To some extent, I think, a good story provides its own justification. I think this event provided us with several good stories and one really good one (Silk Spectre). None of them are on the level of Watchmen, but then again I didn't expect any of them to be. Very few comics, period, are as good as Watchmen, and I refuse to judge these by that impossible standard just because they have the word "Watchmen" on the cover. I appreciate the appeal of the retort that it would have been preferable to tell these same stories with all-new characters - and Id've been fine with that too - but that's not what exists. I'm not going to judge these books against some other hypothetical book I'd rather have seen, either. That's criticizing an apple for not being an orange. (And of course, I do realize we're skirting back up against the creator rights argument here, and I appreciate the fact that, for some folks, that's where the analysis ends - but it's not where it stops for me.)
There was never any need for more stories about Silk Spectre, and there was no one clamoring for such a thing, regardless of what DC reps say in a press release or interview. But could a story about a younger version of that character, struggling to find her independence and her place in the world, be entertaining?
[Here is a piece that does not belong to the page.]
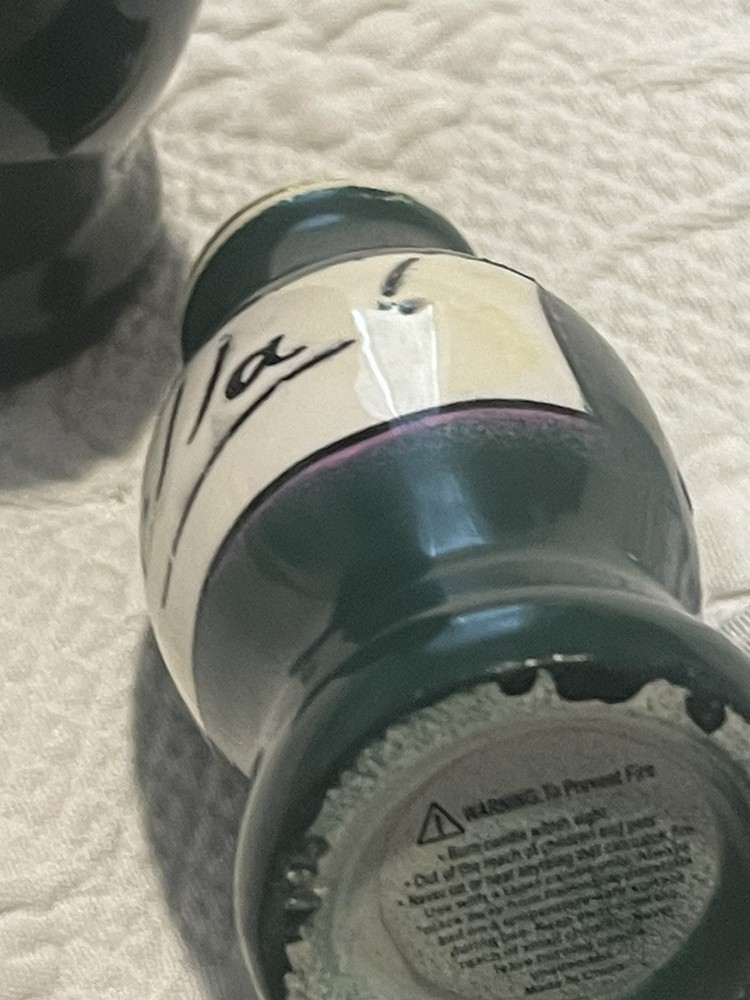 Bella Ceramic Tapir Candleholders. Pre Owned In Original Packaging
Damn skippy.
As to the individual books: Minutemen was more or less the flagship, as far as I could tell. The comparisons to New Frontier are inevitable. Cooke opened with an uneven issue that was way too heavy on exposition, then settled in nicely beginning with #2. It's darker and less optimistic in tone than New Frontier, as perhaps is fitting in this universe. It's nowhere near as dark as Rorschach, which is pretty much exactly what you'd expect. It's super-dark and grimy and dirty and nihilistic, but it's a well-done example of all those things. Bermejo just killed it on the art, too. In fact I wonder if that might've been the tipping factor between Rorschach and Comedian, the latter of which had good art but not blow-you-away good art. Azzarello wrote both books in a similar style, to my mind, so my more favorable reaction to Rorschach might've been a function of the art. (By the way, this post owes spellcheck a huge debt of gratitude, as I cannot spell "Rorschach" to save my life.)
Moloch was much more straightforwardly straightforward than the others. There's really nothing particularly noteworthy about the story - it's competently told but nothing you haven't seen before. I am a huge Risso mark, though, so that was a must-buy for me, and it was cool to see Risso collaborating with someone other than Azzarello (or Carlos Trillo). I quite liked the second issue in particular, even if it was a bit continuity-pr0nish. I've gushed over Silk Spectre before and won't repeat myself - easily my favorite of the books I read.
So bottom line, I was pretty pleased with this endeavor, and I actually would like to see more Before Watchmen books, provided the quality remained high. I'm a little sorry to see it end, which I would not have expected given the size of the event. Usually by the time I get to the end of stuff like this I'm past ready to move on to the next thing, but not so here. I'm not sure how much more there could possibly be left to mine here, but then again Id've said that before Before Watchmen began at all. I like this world. I enjoyed revisiting it, even in a way that has nothing to do with the original work.